This repository contains Jupyter notebooks for a Bioinformatics Project focused on Computational Drug Discovery. The project involves building a machine learning model using the ChEMBL bioactivity data for inhibitors.
In this notebook, we perform Data Collection and Pre-Processing from the ChEMBL Database. The ChEMBL Database is a curated repository of bioactivity data for over 3.5 million compounds, compiled from more than 100,000 documents, 2.4 million assays, and spanning 16,000 targets and 2,500 cells with 45,000 indications. The data is as of August 25, 2023 (ChEMBL version 33).
In Part 2, we perform Descriptor Calculation and Exploratory Data Analysis. We calculate Lipinski descriptors, which evaluate the druglikeness of compounds based on molecular weight, octanol-water partition coefficient (LogP), hydrogen bond donors, and hydrogen bond acceptors. We also convert IC50 data to pIC50 to facilitate uniform distribution.

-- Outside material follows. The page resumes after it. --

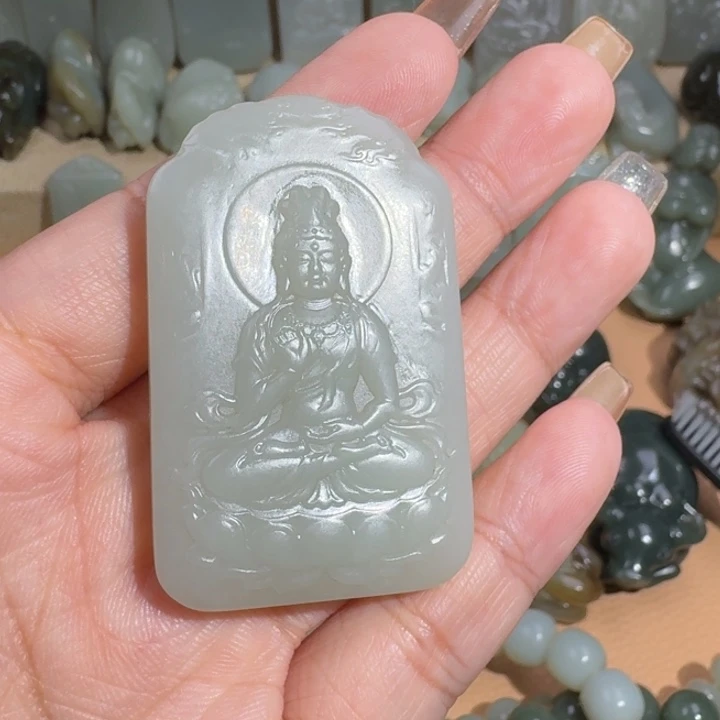 和田玉未镶嵌颈饰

In Part 3, we calculate molecular descriptors, which provide quantitative descriptions of the compounds in the dataset. The resulting descriptors are prepared into a dataset for subsequent model building in Part 4.

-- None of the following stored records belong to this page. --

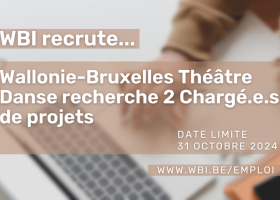 Affiche pour les deux offres d'emploi pour Wallonie-Bruxelles Théâtre Danse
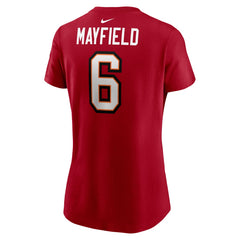 NFL Tampa Bay Buccaneers Baker Mayfield  Women's Player Name & Number T-Shirt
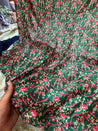 Most Premium Imported China Velvet FABRIC Printed (Kurti Cut Size)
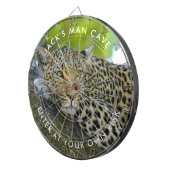 Custom Leopard Foto Dart Board Dartscheibe (Vorderseite rechts)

Part 4 involves building a regression model for predicting inhibitors using the random forest algorithm.
The project utilizes various bioinformatics tools and data analysis techniques to aid in computational drug discovery. Each notebook is self-contained and focuses on specific aspects of the project.

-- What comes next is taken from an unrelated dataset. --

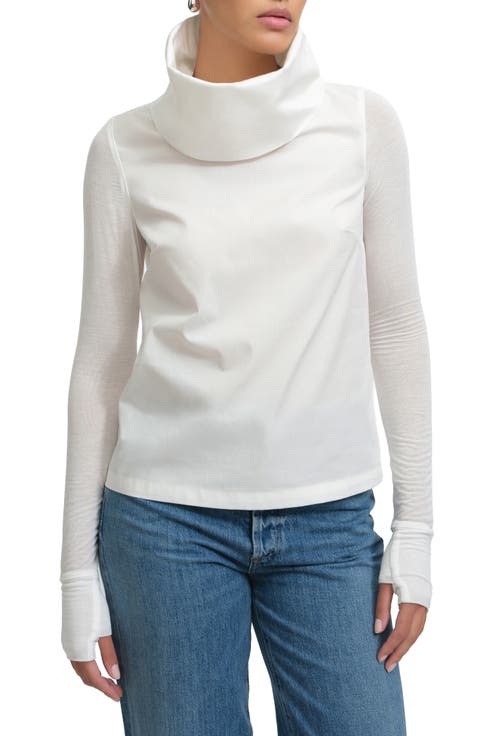 Atlantic Oversized Collar Top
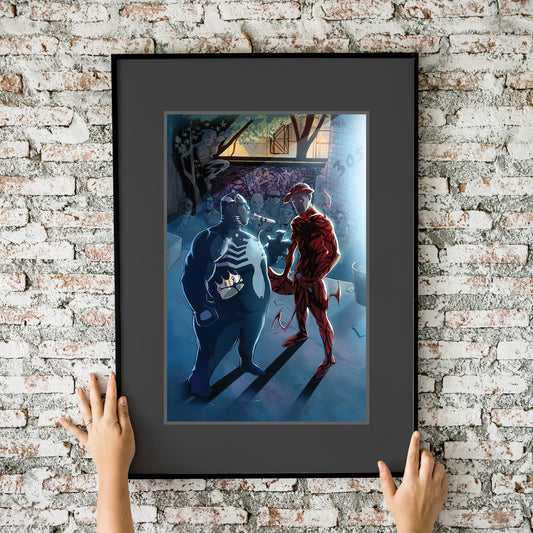 Biggie Smalls Tupac Symbiote Rap Battle 11x17 Fine Art Print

Throughout the notebooks, you will find detailed instructions, comments, and markdown cells to help you understand the rationale behind each step and the significance of the results obtained. Feel free to explore, modify, and experiment with the code as you progress through the notebooks.
Note: Please ensure you have the necessary data files and dependencies installed before running the notebooks. Instructions for data download and setup can be found in each notebook as needed.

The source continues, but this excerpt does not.